Elle tourna les talons, ses lèvres tressaillant sous le choc. C'etait lui qui avait fait ça à Bassam. Et il s'en vantait en plus.

Qu'avait-elle jamais trouvé à cet être abject ?

Sur le chemin du retour, elle se sentit vide de toute émotion. Lassée. Elle le détestait. Elle détestait comment il l'ignorait. Comment il l'avait rejetée. Et elle se détestait elle même de l'avoir poursuivi.

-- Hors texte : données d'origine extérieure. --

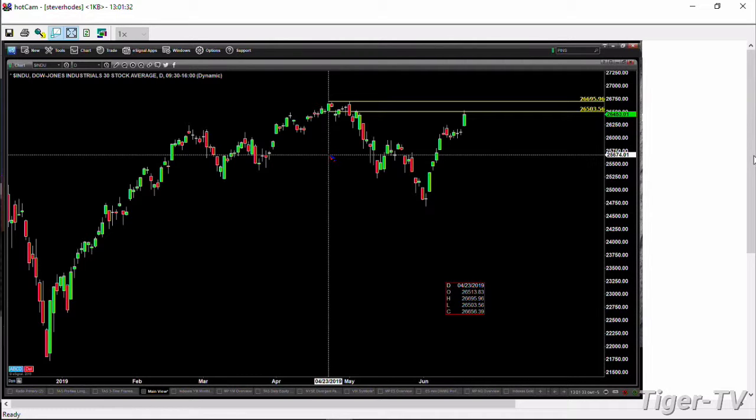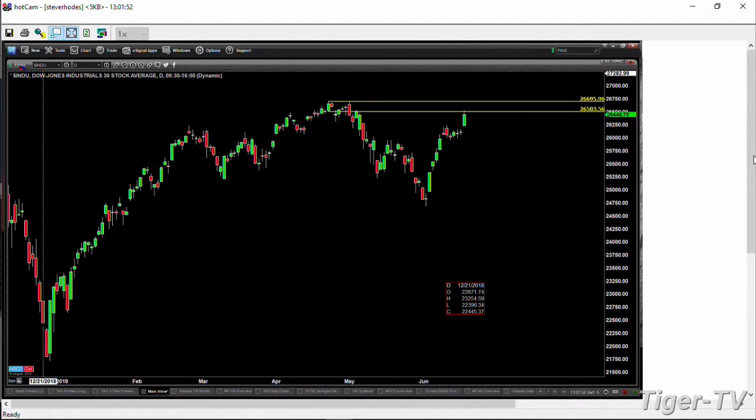If the Dow closes above that level — and whether there's enough volume today as it tests the swing point, that's always important — even if it's light volume and price closes over 26,503, that still suggests price will go test that high at 26,695. What happens if it closes below that? Well, then things can start to get dicey out there.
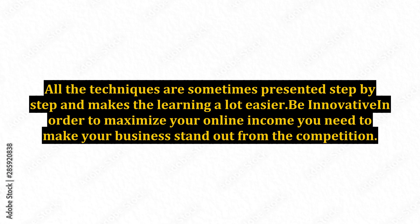All the techniques are sometimes presented step by step, which makes learning a lot easier. Be innovative — in order to maximize your online income, you need to make your business stand out from the competition.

Je trouverais mieux que toi. Je te ferai tomber amoureux de moi et tu souffriras. Je t'ignorerai et tu regretteras, tu te mordras les doigts de ce que tu m'as fait. J'aimerais que tu rencontres une fille pour laquelle tu serais prêt à tout faire... Qu'elle nourrisse tes faux espoirs pour ensuite te plaquer avec méchanceté. C'est tout ce que tu mérites.

Je n'approcherais plus jamais un homme s'il ne me supplie pas de le regarder. Plus jamais.